BEIJING, China - The death toll in for an explosion at a Chinese auto parts factory has risen to 75 people, as investigators fault poor safety measures and news reports reveal that workers had long complained of dangerous levels of dust at the facility.

Metal dust produced from polishing steel hubcaps ignited Saturday morning at the factory in the eastern Chinese city of Kunshan, causing an explosion that destroyed almost the entire roof of the plant, city officials said. More than 200 workers were at the factory at the time of the blast, China's most serious industrial disaster since a fire at a poultry plant killed 119 people in June last year.

The metallic dust stuck to the skin of workers, burning between 50 and 90 per cent of their bodies, said Liu Wei, deputy chief of the health bureau in the city, located in Jiangsu province, about 1,000 kilometres (600 miles) southeast of Beijing.

The blast killed 75 people, at least 25 of them dying in hospital, state media said. An additional 186 people were injured, most with severe burns.

State broadcaster CCTV showed footage of large plumes of thick, black smoke rising from the plant, and news websites posted photos of the dead or injured lifted onto the back of large trucks, their bodies black, presumably from burns or soot.

A preliminary investigation showed that the blast was likely a dust explosion, said China's official Xinhua News Agency. Chinese newspapers reported that workers at the factory had complained over the past years about layers of dust gathering on their work tables, and poor ventilation in the facility.

Jiangsu's provincial government website said Sunday that initial investigations by the Kunshan city government found that the factory was at fault in the dust explosion. It did not list specific safety measures that were not followed.
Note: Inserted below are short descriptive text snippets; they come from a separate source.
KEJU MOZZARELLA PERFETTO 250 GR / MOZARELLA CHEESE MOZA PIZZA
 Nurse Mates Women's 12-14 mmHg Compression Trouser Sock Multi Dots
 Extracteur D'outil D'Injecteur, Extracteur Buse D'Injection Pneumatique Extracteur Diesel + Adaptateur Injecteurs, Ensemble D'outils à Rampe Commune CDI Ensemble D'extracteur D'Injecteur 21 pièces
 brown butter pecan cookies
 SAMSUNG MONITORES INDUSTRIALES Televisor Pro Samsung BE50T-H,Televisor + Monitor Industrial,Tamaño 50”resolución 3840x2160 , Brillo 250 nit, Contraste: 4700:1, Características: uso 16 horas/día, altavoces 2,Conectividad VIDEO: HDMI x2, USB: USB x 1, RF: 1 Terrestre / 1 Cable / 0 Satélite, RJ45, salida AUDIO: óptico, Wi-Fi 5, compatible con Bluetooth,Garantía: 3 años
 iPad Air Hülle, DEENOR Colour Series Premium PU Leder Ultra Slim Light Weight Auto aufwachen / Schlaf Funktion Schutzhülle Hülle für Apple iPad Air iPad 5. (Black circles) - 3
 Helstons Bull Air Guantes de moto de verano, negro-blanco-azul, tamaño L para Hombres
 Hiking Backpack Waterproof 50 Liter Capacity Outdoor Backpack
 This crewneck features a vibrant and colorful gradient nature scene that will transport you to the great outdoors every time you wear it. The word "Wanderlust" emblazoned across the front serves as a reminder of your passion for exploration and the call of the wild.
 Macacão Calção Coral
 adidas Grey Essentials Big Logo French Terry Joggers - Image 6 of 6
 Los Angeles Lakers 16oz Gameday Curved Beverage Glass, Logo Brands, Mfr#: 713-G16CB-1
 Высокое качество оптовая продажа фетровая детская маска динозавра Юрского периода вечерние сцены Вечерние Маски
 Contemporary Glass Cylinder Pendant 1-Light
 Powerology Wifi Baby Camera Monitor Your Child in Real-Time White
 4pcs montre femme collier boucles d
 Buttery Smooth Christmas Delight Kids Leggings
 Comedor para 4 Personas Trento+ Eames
A dust explosion is caused by the fast combustion of particles suspended in air in an enclosed space. The particles could include dust or powdered metals such as aluminum. They would have to come into contact with a spark such as fire, an overheated surface or electrical discharge from machinery.

Such explosions have been blamed for other deadly fires in China. In 2012, a dust explosion at an aluminum lock polishing workshop in the eastern city of Wenzhou killed 13 people and injured 15. Three years earlier, aluminum powder exploded at an abandoned factory being rented out as temporary housing in the eastern city of Danyang, killing 11 people and injuring 20.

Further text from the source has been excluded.